Let’s call her Wanda. Wanda’s saved every Christmas card she’s ever received. Wanda strings thread through popcorn. Wanda will travel to a mall three states away, to buy her grandson the same baseball glove that Amazon has 4000 of. (Wanda doesn’t have a computer, but she does have a Kindle. Her kids bought it for her last year. Wanda has never used it, but she carries it around anyway.)
Her whole house smells like cookies. There are board games from the 1970s all over her basement.
The more I write, the more I’m convinced that an old lady named Wanda really lives there. Truth be told, I can’t even remember what street this was.
Then there was this family. They are spending December in Florida. The lights are there to make burglars think otherwise. Nobody has stepped foot in that house in over a week.
And here’s the house I want to die in. I hope I never meet these real life Griswolds. They could never live up to what’s in my head. I’m basically picturing Santa and Mrs. Claus, but in my vision, they are FIT. Think “six pack Santa.” They wear red and green tracksuits and Bluetooth headsets.
I also can’t shake the notion that they have a tiny, yelping dog.

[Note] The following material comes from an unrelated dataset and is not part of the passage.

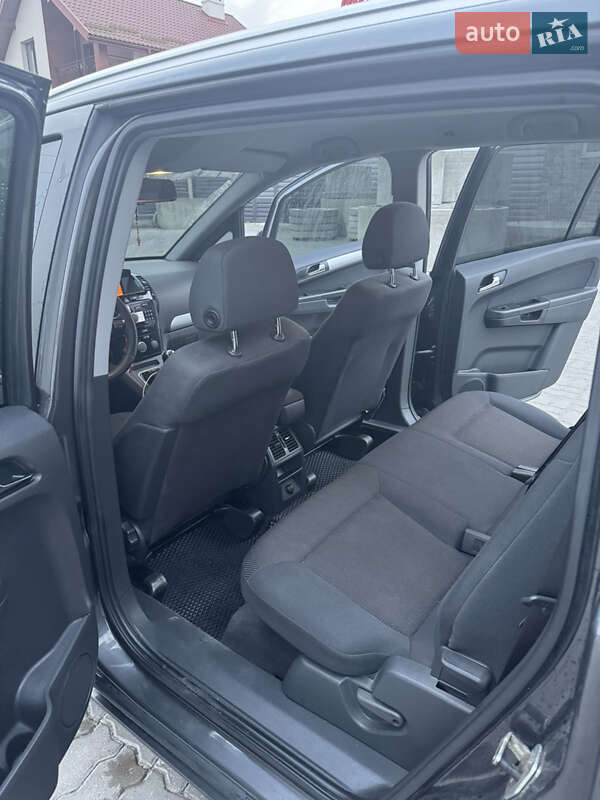 Минивэн Opel Zafira 2012 в Львове фото 10 Минивэн Opel Zafira 2012 в Львове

Lastly, we have this house, which actually isn’t a house. It’s a Chinese food joint.
For one thing, Christmas = Chinese food. For another thing, after driving around for an hour with my bare hands hanging outside the window to snap possibly-illegal photos of strangers’ houses in the freezing cold, I desperately needed wonton soup.
I don’t know why they gave us so many extras. We only ordered soup. Do people really use duck sauce in wonton soup? I bet Wanda would know.
I’m glad I didn’t waste the snow.
When I think back on Christmas 2013, I won’t remember the Cran-Brrr-Ritas or the McDonald’s Holiday Pies.
I’ll remember the night we spent playing the holiday version of Rear Window.